We have seen a lot of buzz around ‘Big Data’ and ‘Data as an Asset’ in recent years. When used effectively and with the right tools, data can be turned into a critical business advantage. There are different tools and systems that are better suited for different types of data and different uses of data. At Medio we use MapReduce as part of our ETL platform to process billions of user events in preparation for reporting and building analytical models.
MapReduce is simply an approach that facilitates scaling out processing capabilities (information extraction) though parallelization (partitioning) of data. The Map step is used to partition the data (or computation) across many processing nodes (physical or virtual) which allows horizontal scaling – using multiple low cost servers vs. having to use powerful and very expensive servers. The partitioned data is processed locally on each node. The Reduce step is used to produce an aggregate (a count, summary, sum, de-duplication, filtration or other transformation) of the data on each node. A final Reduce step aggregates the data across all nodes to produce a final result.
MapReduce is the right approach for you if:
- Your company has a lot of data that is stored across multiple servers – MapReduce will let you distribute the computation to where the data is already
- Your data has a repetitive structure (many events from a large number of users, known set of states for a large set of items etc.)
- Your data is easily partitionable – you can process the data though splitting and running multiple occurrences at the same time
- You do a lot of batch oriented dataset processing
- You need tools to explore datasets with uncertain schema in an ad hoc manner
- You have a significant pool of existing machines that you would like to aggregate into something more powerful
- If you lack database expertise but have strong developers/engineers
- If scaling out is important for your business
MapReduce is the wrong approach for you if:
- Your company works with streaming data that needs to be processed continuously/incrementally
- Your processing requires sharing the data (you heavily rely on access to common data)
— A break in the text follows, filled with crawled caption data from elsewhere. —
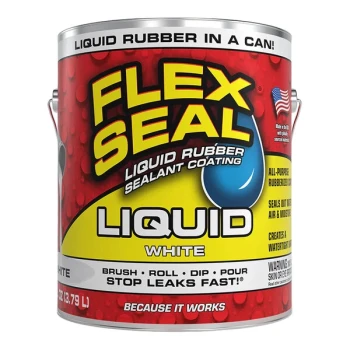 Flex Seal 1 Gallon White Liquid Rubber Sealant Coating US855WHT012 - 2/Case
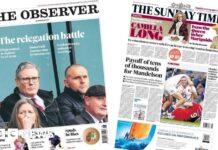 The Papers: ‘Pay-off for Mandelson’ and ‘relegation battle’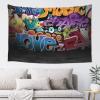 Lsjuee Graffiti Hip-Hop Tapestry for Bedroom, Dorm or Living Room, with Hanging Accessories, 40 x 60 in view 1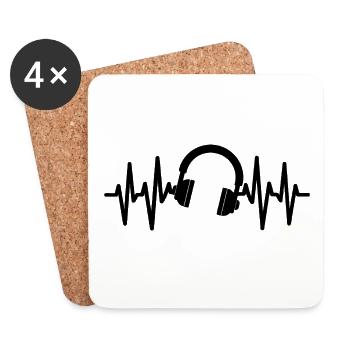 Kopfhörer Musik Herzschlag - Untersetzer (4er-Set) - Weiß - Vorne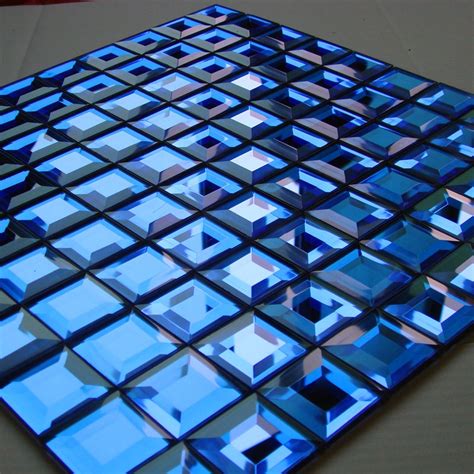 Buy Seamless Blue 5 Edges Beveled Diamond Mirror Glass Mosaic Tiles For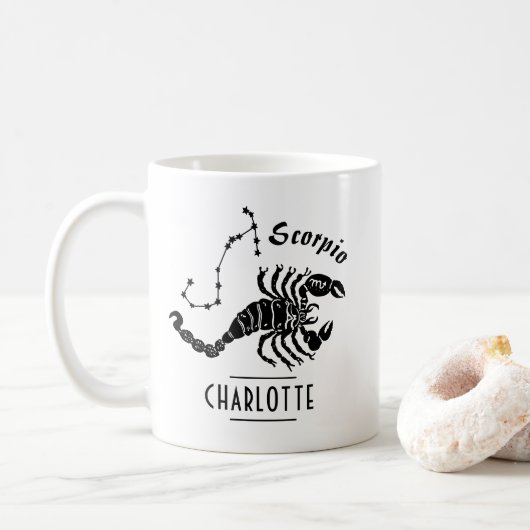 Scorpio Skorpion Konstellation mit Namen Geburtsta Kaffeetasse (Mit Donut)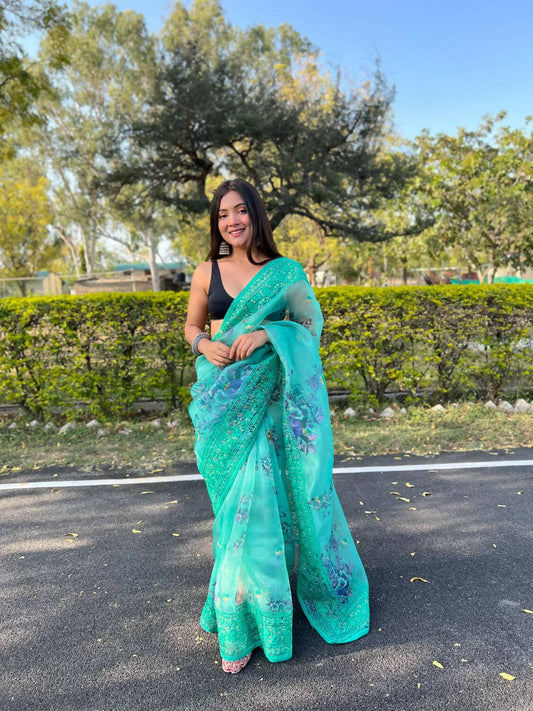 Vamsee Sea Green Organza Saree - Swadesiicart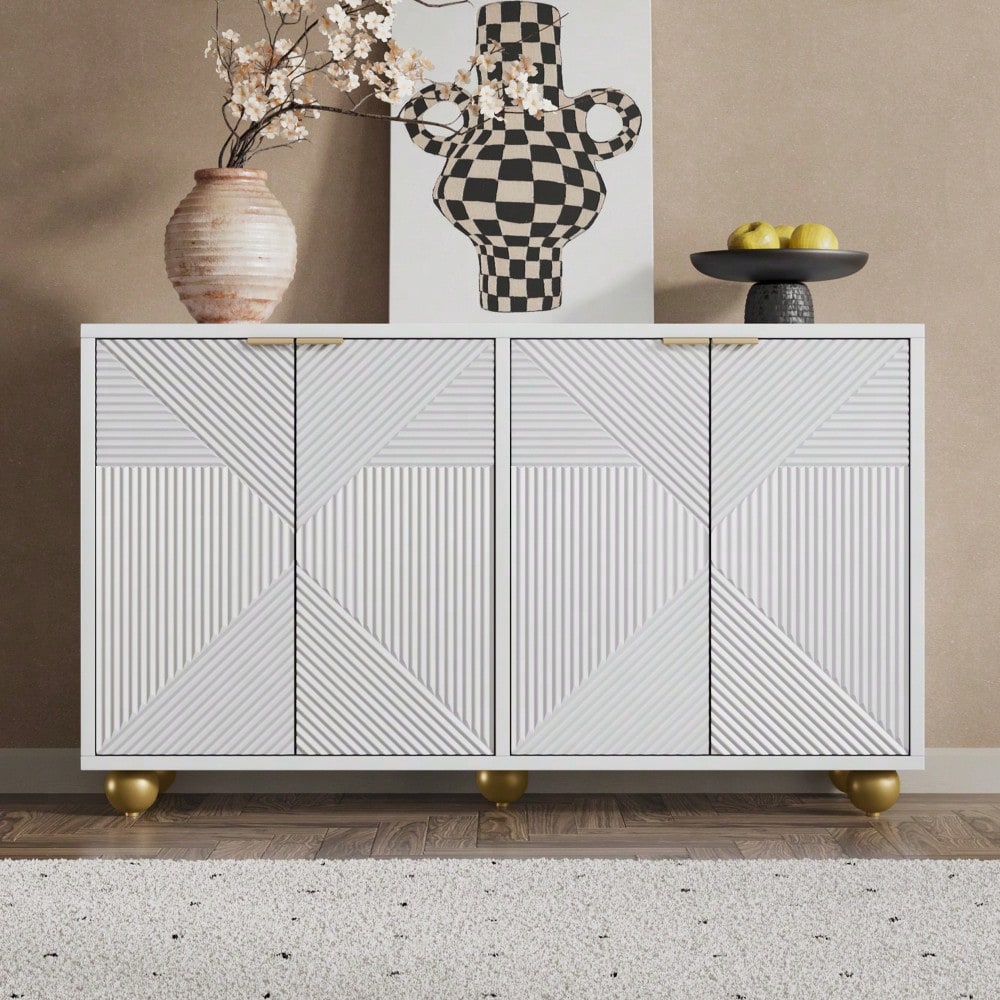 Sideboard mit vier geformten Türen, verstellbaren Innenböden, Metallgriffen und kugelförmigen Beinen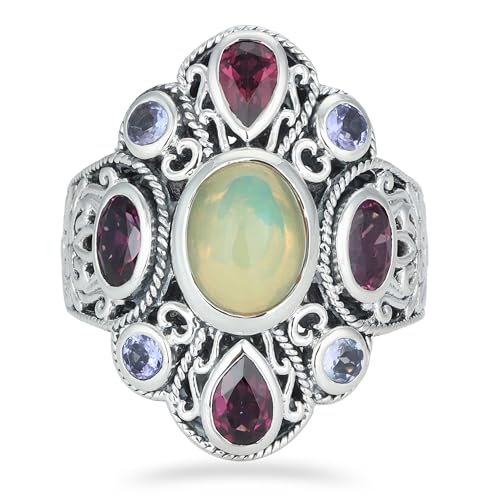 Ethiopian Opal, Rhodonite & Blue Topaz Ring, 925 Sterling Silver Ring, Unique Ring For Her, Ring Size 10 USA von Meadows
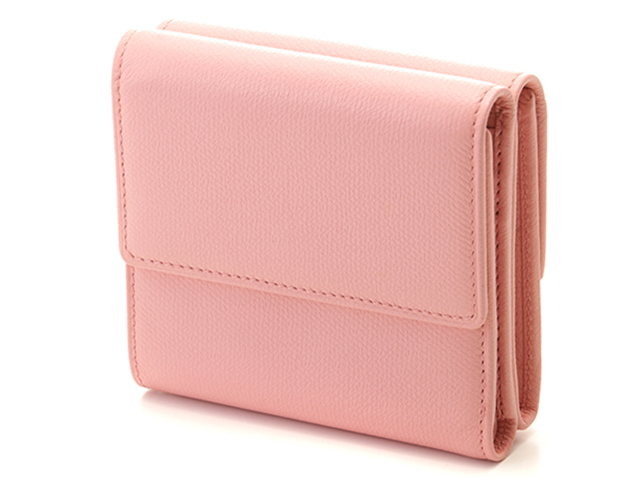CHANEL シャネル ココボタン Wホック財布 ピンク/GP レザー【431】 の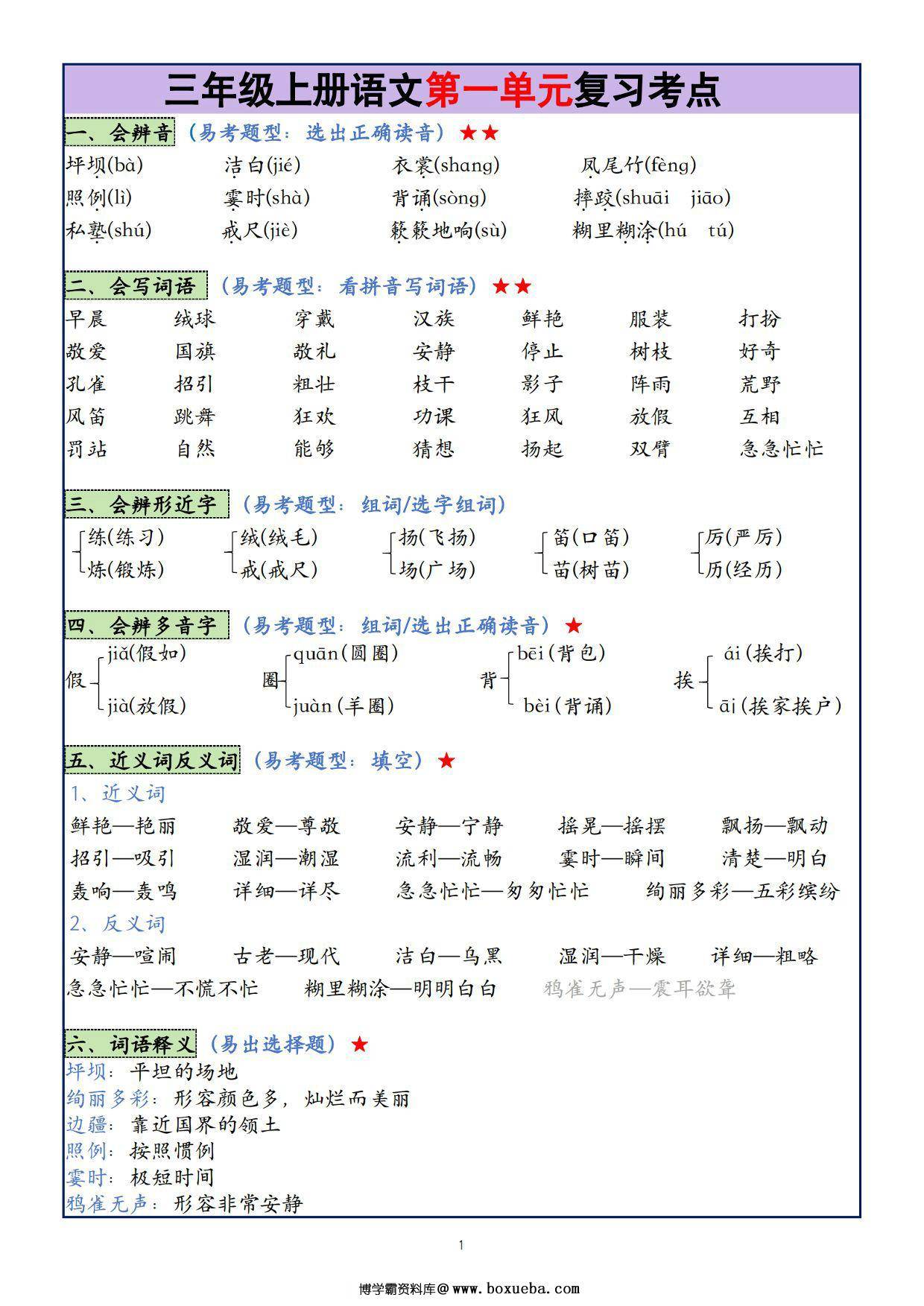 三年级上册语文1-8单元复习考点大总结，25页PDF电子版-博学霸资料网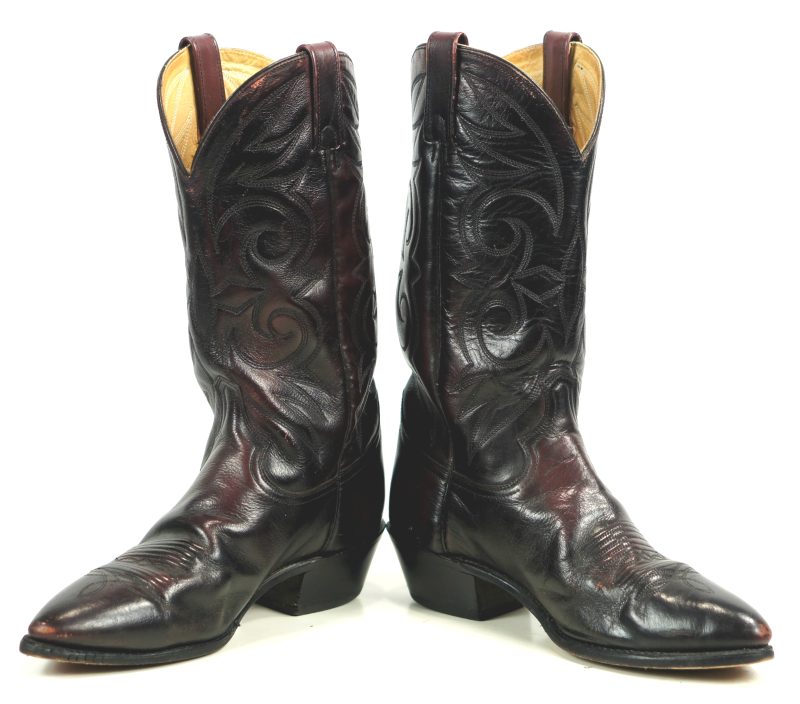 Acme Lush Burgundy Leather Western Cowboy Boots Vintage US Made Men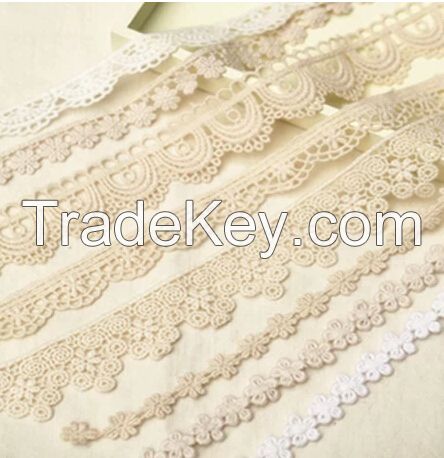 White Embroidered Guipure Lace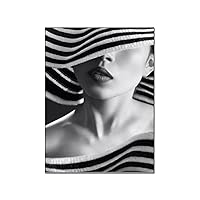 Black And White Aesthetic Wall Art Fashion Poster Model Striped Fashion Hat Covering The Eyes Wall Art Paintings Canvas Wall Decor Home Decor Living Room Decor Aesthetic Prints 8x10inch(20x26cm) Unfr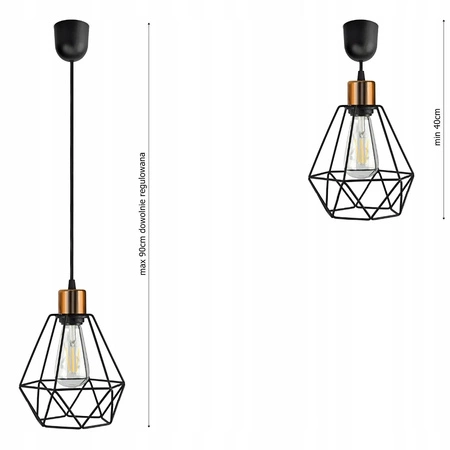Lampa Wisząca LX- 1312 Czarna + Miedź 1x E27 LEDLUX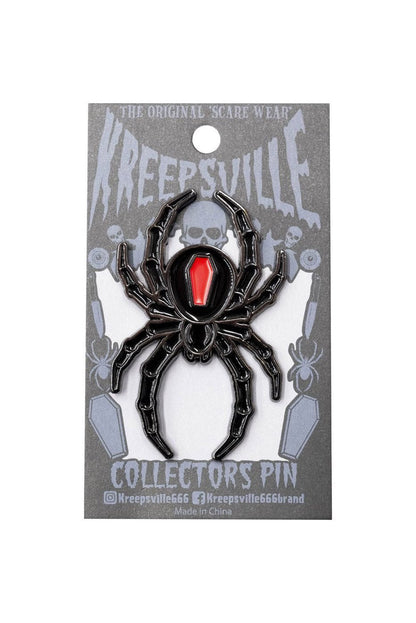Black Widow Spider Enamel Pin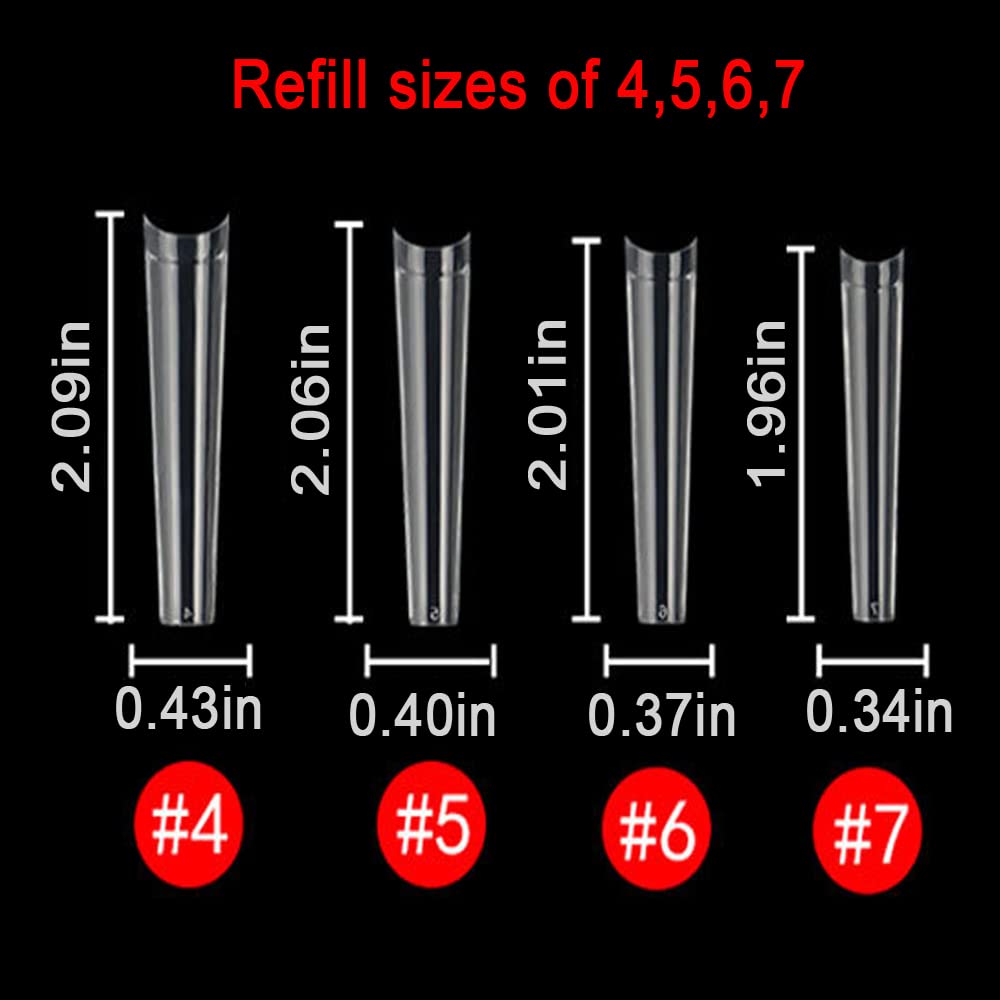 3XL No C Curve Nail Tips, SWETIDY 600Pcs Refill Size of 4,5,6,7 Clear Acrylic Nails Square Shape Nail Half Cover (600Pcs Refill 3XL Coffin)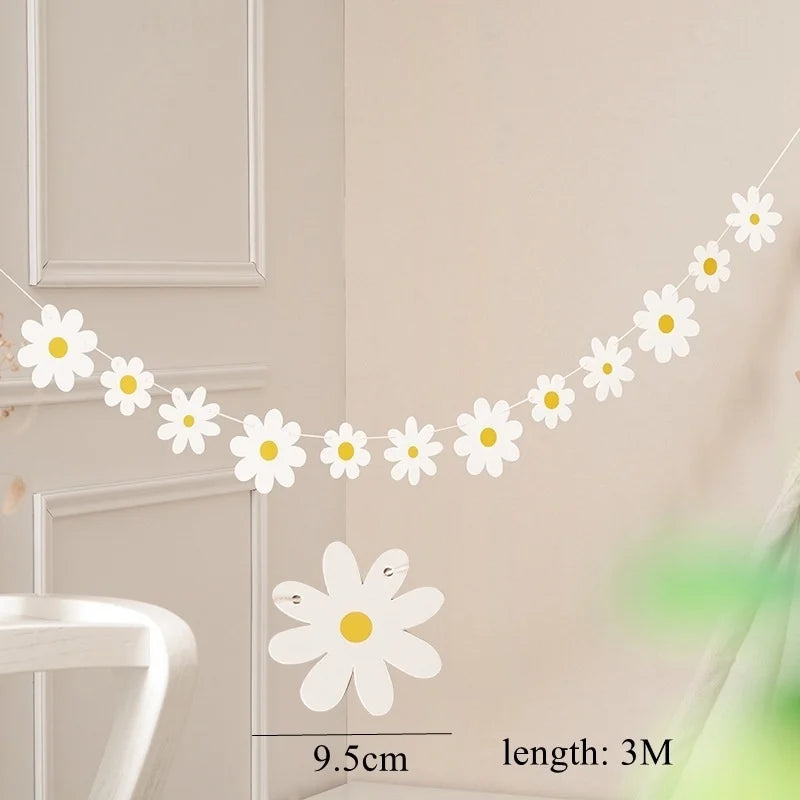 Daisy Series Paper Banners Stickers Craft Hanging Lebels for Happy Birthday Baby Shower Party Decorations Wedding Gifts Supplies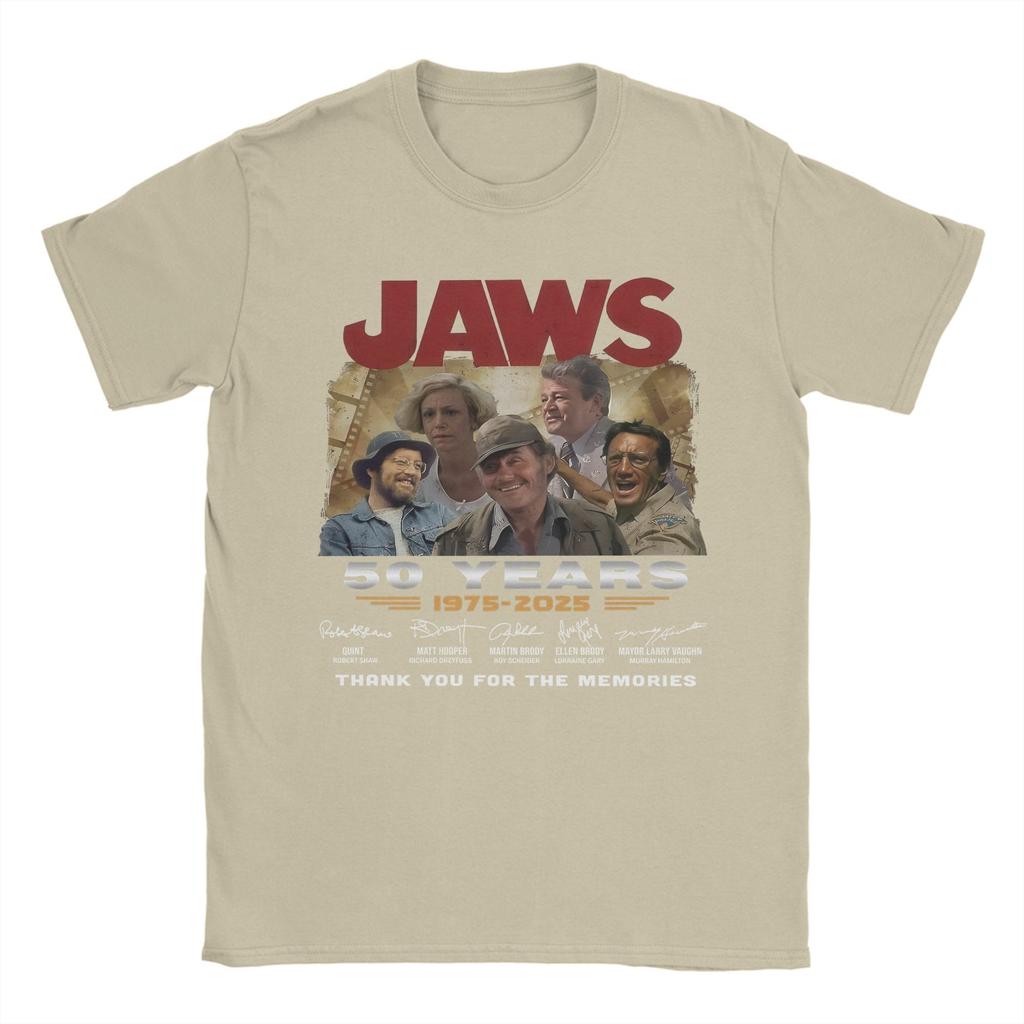 Men Women 50th Anniversary Jaws 1975 Retro Movie T Shirt 100% Cotton Printed T-Shirt  Top Clothing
- You are integrating with existing systems
- You need to combine data from a very large number of sources
- You require fast or real-time reporting
- You require strict guarantees on processing time or have no tolerance to potential variation in time
- You require ordered execution of processing over data
- You can work with samples or partial data to achieve good results
- You are provisioning the hardware for the task
- You need heterogeneous or cutting age hardware
Today existing tools that expose MapReduce – Hadoop leading the way – are mostly geared towards engineers and require significant IT resources. Today, solving problems using MapReduce can sometimes be tricky and slow. With recent announcements from some large companies we are starting to see a shift that will enable broader commercial usage of MapReduce. One direction is the recent integration of MapReduce with DBMSs. We are also starting to see more systems and tools that are reaching enterprise-level maturity and ease of use. Still MapReduce is just one tool in the arsenal for working with Big Data.